State Senate Likely to Adopt “New Day” Look For State Government

Senators Hong (left) and Yamamoto (right) show off the new uniforms that will be adopted by all Hawaii state government officials. The unidentified person in the center was an actual protester who was being led away to one of the Governor's new political re-education work camps.

The debate on issues of public disclosure, government transparency and security heated up today when Senator Clayton Hong submitted BS 4589 to the full Senate for an up/down vote (the term “SB” has been replaced by “BS” for “Bill of the Senate”). Hong’s bill calls for increased security at the State Capitol as well as blocking public disclosure of sensitive personal information regarding legislators, their staff or any other state employees.

The discussions were briefly interrupted when Senator Sam Slom was removed by Senate security for attempting to pray.

“Hearings involving certain volatile issues like civil unions have caused us to tighten security around the Capitol,”  said Senator Hong. “Also there is a question of personal privacy that needs to be addressed regarding information like salaries and job titles,” Hong continued. There must be a balance between the public’s right to know and the security of government workers.”

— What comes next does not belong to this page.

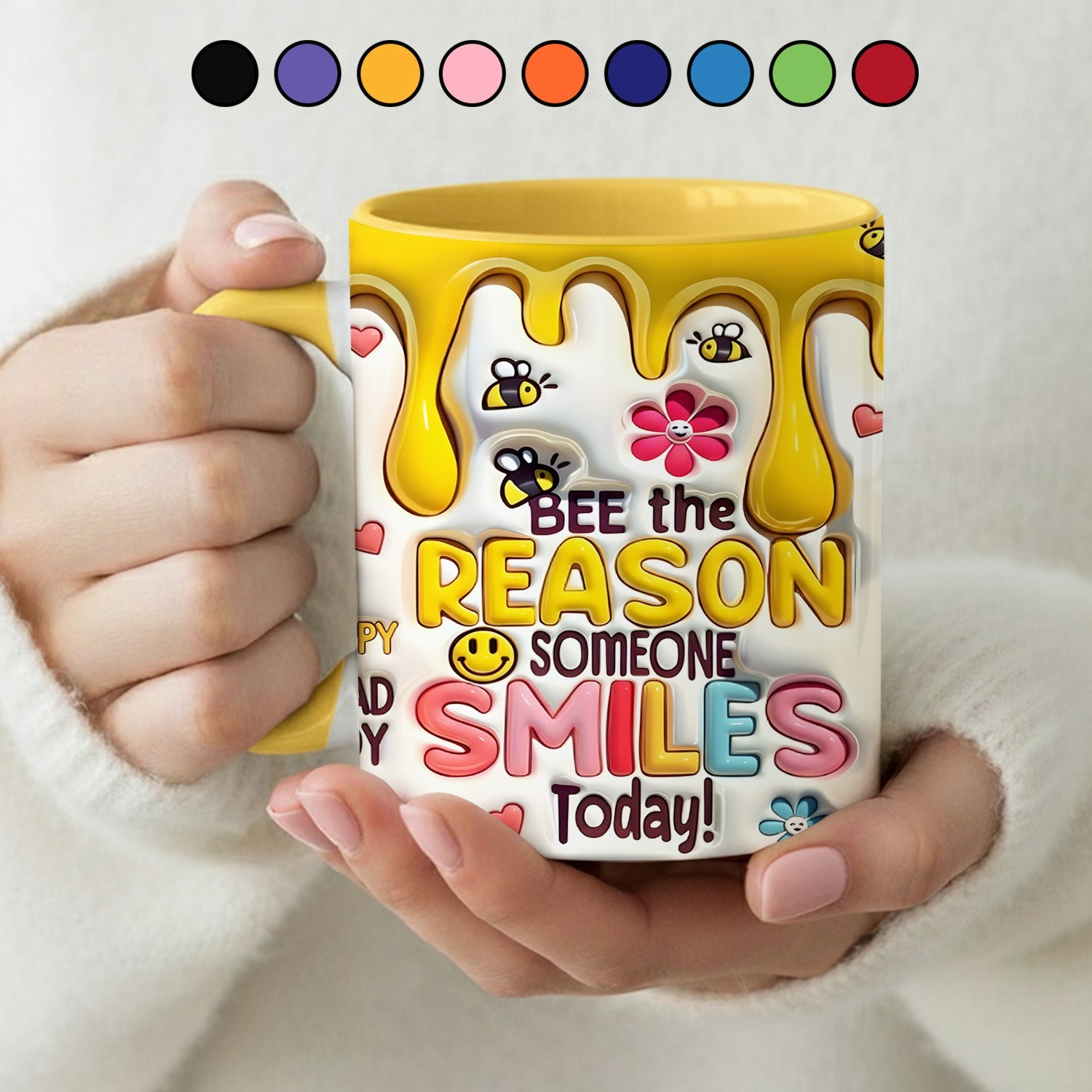 Bee The Reason - Bee Accent Mug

“It’s also a matter of equality,” Hong said. No elected official or state worker should be judged on who he or she is, how much tax money they get, how they got there, or what they are supposed to be doing.”

The Senate dissidents could only muster ten votes for adoption of the Star Wars stormtrooper outfit.

BS 4589, which is expected to easily pass a full vote by the Senate next week and will impact two key areas:

  1. Public disclosures of names, titles and salaries of all government employees and elected officials will be barred. Any inquiries deemed inappropriate will be treated as class 2 felonies.
  2. Neutral uniforms will be adopted that shield the face and display no identification of any kind. (you will know they are authorized government employees or elected officials because they will have weapons.)

There was vigorous debate on the style of uniform and type of weapon. The committee was split, but eventually decided to go with the classic TSX 1138 look. It was also decided to adopt the non-lethal, cattle prod-style weapon that matched the outfit.

“After we take the vote on this little ‘housekeeping issue’ we can move on to some procedural matters like suspension of public hearings, dissolution of the media and the proposed 100% income tax,” said one of the Senators (whose name was withheld for security reasons.)